** Opening RECORD EXCERPTS block **
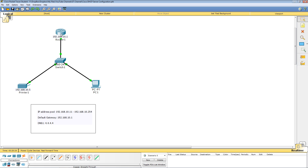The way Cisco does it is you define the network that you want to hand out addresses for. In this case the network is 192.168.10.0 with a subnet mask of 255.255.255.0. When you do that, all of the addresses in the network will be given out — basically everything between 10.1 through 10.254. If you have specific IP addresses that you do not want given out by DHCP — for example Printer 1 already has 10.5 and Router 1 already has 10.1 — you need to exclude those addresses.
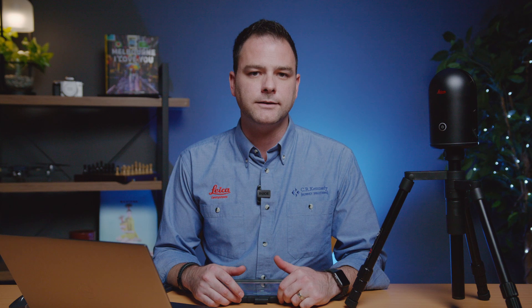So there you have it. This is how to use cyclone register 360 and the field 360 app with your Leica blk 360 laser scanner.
** Closing RECORD EXCERPTS block **
** Opening RECORD EXCERPTS block **
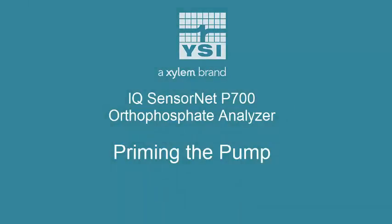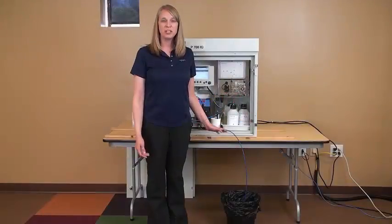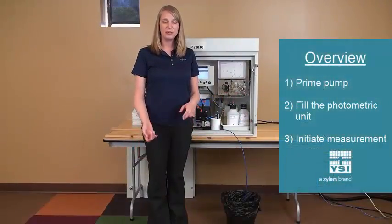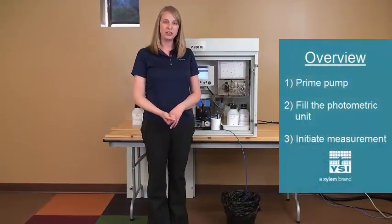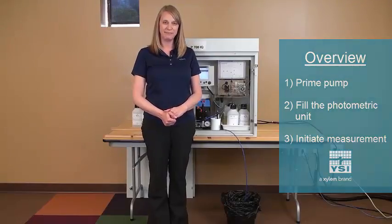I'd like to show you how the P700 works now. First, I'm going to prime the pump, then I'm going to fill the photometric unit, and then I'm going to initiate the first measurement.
** Closing RECORD EXCERPTS block **
## WHAT THE TASK ASKS
Looking above, find the stretch of lines that opens with the one holding "The way Cisco" and closes with the one holding "So there you". Copy it exactly, pictures excluded.

## RESULT
The way Cisco does it is you define the network that you want to hand out addresses for. In this case the network is 192.168.10.0 with a subnet mask of 255.255.255.0. When you do that, all of the addresses in the network will be given out — basically everything between 10.1 through 10.254. If you have specific IP addresses that you do not want given out by DHCP — for example Printer 1 already has 10.5 and Router 1 already has 10.1 — you need to exclude those addresses.
So there you have it. This is how to use cyclone register 360 and the field 360 app with your Leica blk 360 laser scanner.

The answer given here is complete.